Give back every record word for word, but keep the pictures out.

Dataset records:
=-=-=
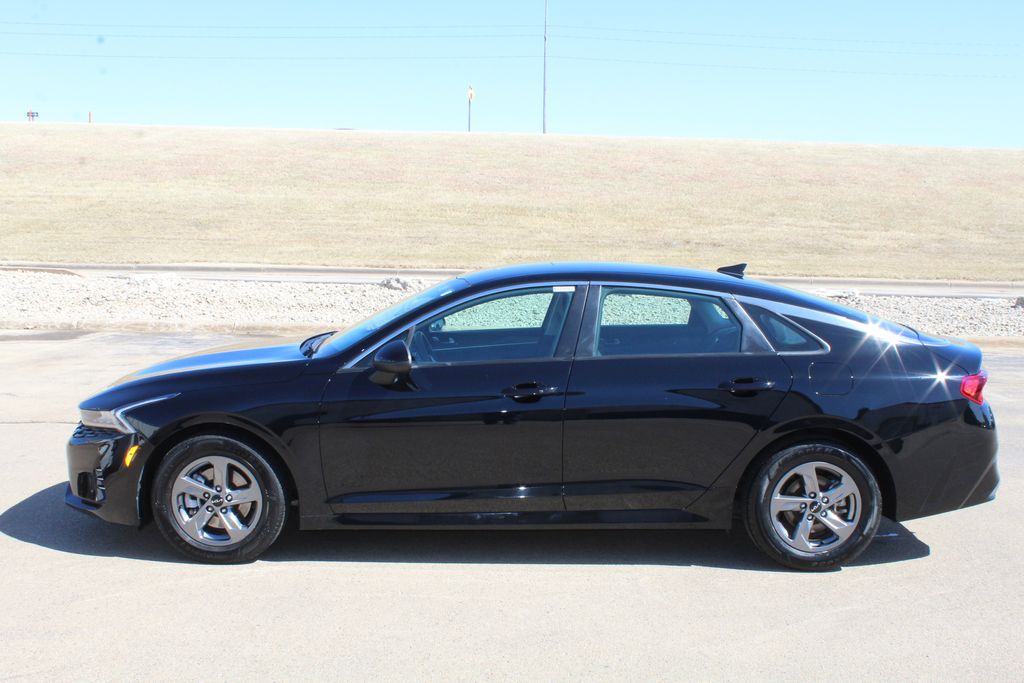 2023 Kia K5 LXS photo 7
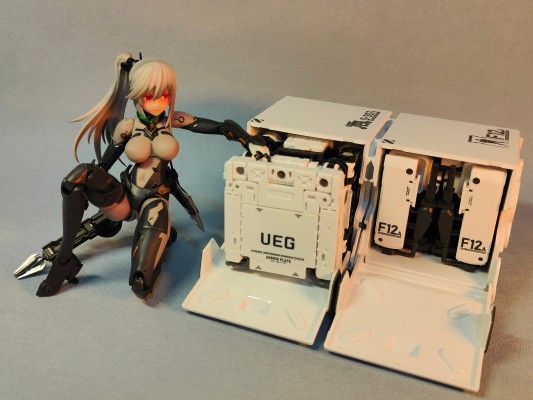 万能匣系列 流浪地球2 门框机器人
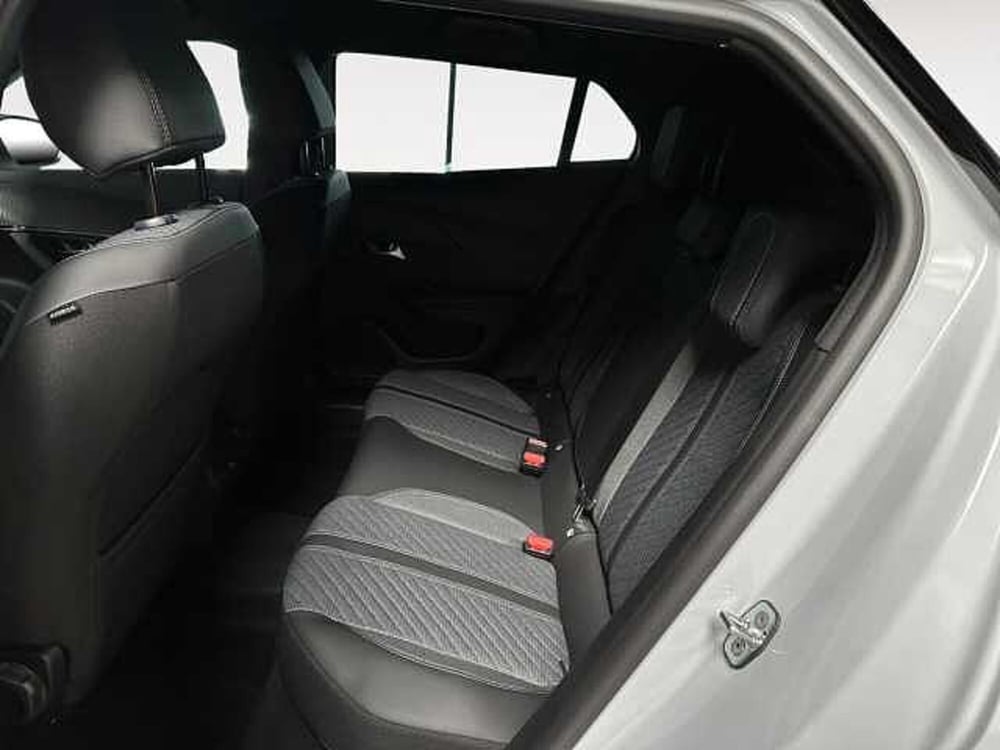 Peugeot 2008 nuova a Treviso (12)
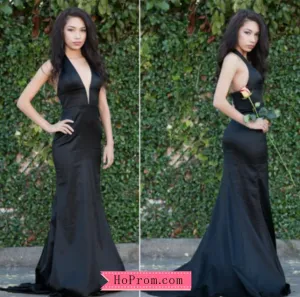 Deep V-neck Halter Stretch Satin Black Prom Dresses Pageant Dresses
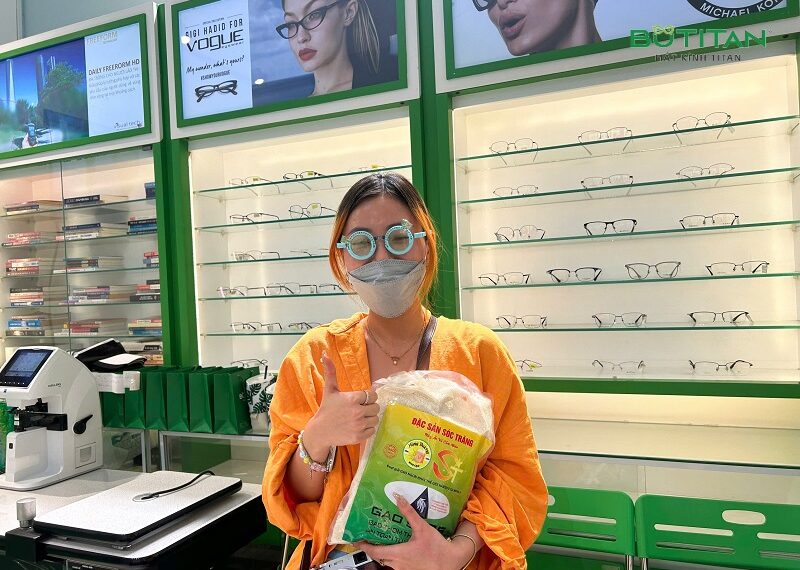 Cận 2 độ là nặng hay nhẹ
=-=-=
OUTPUT BELOW
 2023 Kia K5 LXS photo 7
 万能匣系列 流浪地球2 门框机器人
 Peugeot 2008 nuova a Treviso (12)
 Deep V-neck Halter Stretch Satin Black Prom Dresses Pageant Dresses
 Cận 2 độ là nặng hay nhẹ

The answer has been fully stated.